The balloon technicians estimate that the travelers have about two weeks to decide the next 'volunteer' for altruistic self-destruction. So the posts to look out for, dear readers are the ones marked:

B.D. rd. 3

This time our travellers are asked to describe the events surrounding their first major public accolade - that moment of recognition, as part of their defence so there should be some interesting stories there!

As before there will be a poll and discusion.

So good luck to all prticipants.

FC


----------



## World Violist (May 31, 2007)

The whole thing about "solo double bass" sounds really weird.

My condolences to Maestro Bottesini. I do hope someone records his final performance. A stirring moment, to be sure!

D.D. Shostakovich


----------



## Mirror Image (Apr 20, 2009)

Poor lil' Bottesini. We hardly knew ye.


----------



## BuddhaBandit (Dec 31, 2007)

I'm glad he's gone. He was high strung and bass-ically annoying.


----------



## PostMinimalist (May 14, 2008)

Personally I think Bottesini was an arrogant social climber. His one redeeming feature was that he could play the bass better than anyone before or since. Paganini should have been called the 'Bottesini of the violin' and not the other way round. I also suspect that there was a relationship between him and his pianist (who was also male) which would have been quite scandalous at the time. No historian has mentioned this possibility but there is much circumstantial evidence. He did actually rebuild the opera house in Havana and then work in the orchestra there as a bass player. He also travelled as mentioned and his appointment to the position of director at Parma Conservatory, which was a gift from Verdi 20 years after Bottesini conducted the premiere of Aida came only one week before his death. He is in some ways a tragic character and others a villain (especially if you're trying to play his cnocertos!).

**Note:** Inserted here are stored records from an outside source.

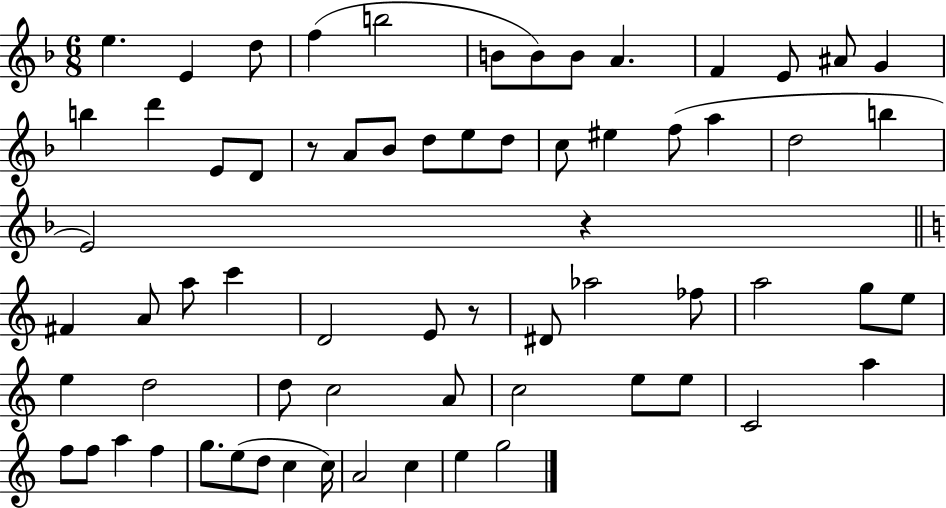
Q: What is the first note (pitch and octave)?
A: E5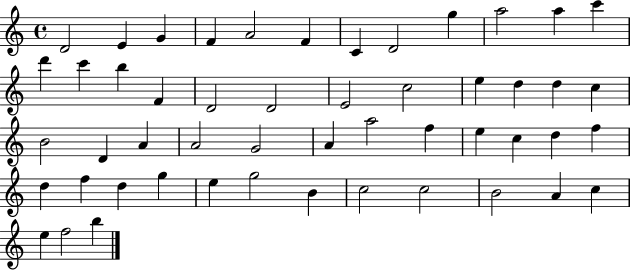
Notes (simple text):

D4/h E4/q G4/q F4/q A4/h F4/q C4/q D4/h G5/q A5/h A5/q C6/q D6/q C6/q B5/q F4/q D4/h D4/h E4/h C5/h E5/q D5/q D5/q C5/q B4/h D4/q A4/q A4/h G4/h A4/q A5/h F5/q E5/q C5/q D5/q F5/q D5/q F5/q D5/q G5/q E5/q G5/h B4/q C5/h C5/h B4/h A4/q C5/q E5/q F5/h B5/q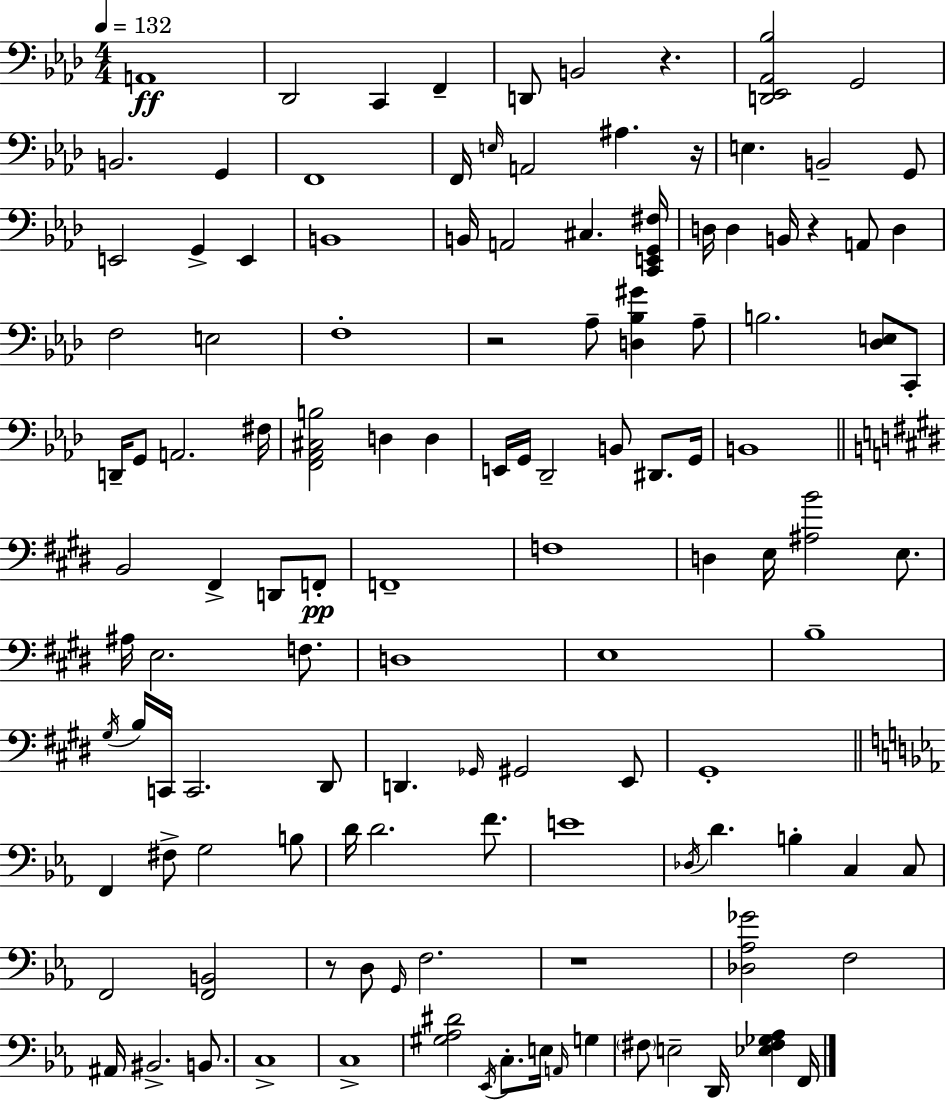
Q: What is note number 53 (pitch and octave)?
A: F2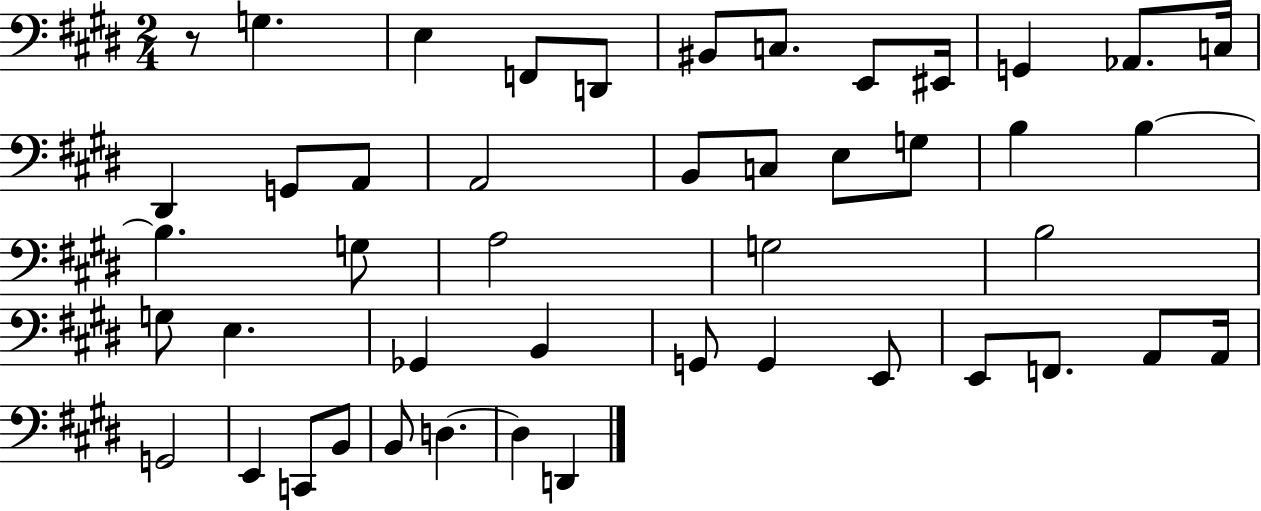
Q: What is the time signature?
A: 2/4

In my posts I tried to get a bit of that arrogance through without making him completely dislikable. It wasn't hard for me to find material to use concerning his life and music since, as a bassist, I've struggled with this man for the better part of my life! I can imagine that the other contestants are having an interesting time researching their chosen characters and, as we the readers are doing, finding out more and more about these great men.

Good luck to the remaining contetants. 

FC (not GB this time)


----------



## PostMinimalist (May 14, 2008)

This is the final reminder for contestants to post their entries for round 3.
I'll consider posts no later than thursday morning.
Looking forward to seeing:

Shostakovitch
Castelnouvo-Tedesco 
Mahler

describing how they first made a name for themselves and gained public recognition.

FC


----------



## PostMinimalist (May 14, 2008)

Well it looks like we have a couple of jumpers. I can only assume thay couldn't bare to be without their beloved maestro Botessini.. Anyway this brings things to an unexpectedly premature finale. 
only Mahler and Ginanstera have survived and now it is our duty to decide who has made the better case for his salvation. 

The poll open soon with only Mahler and Ginastera on the ballot.

Good luck to both of you!
FC


----------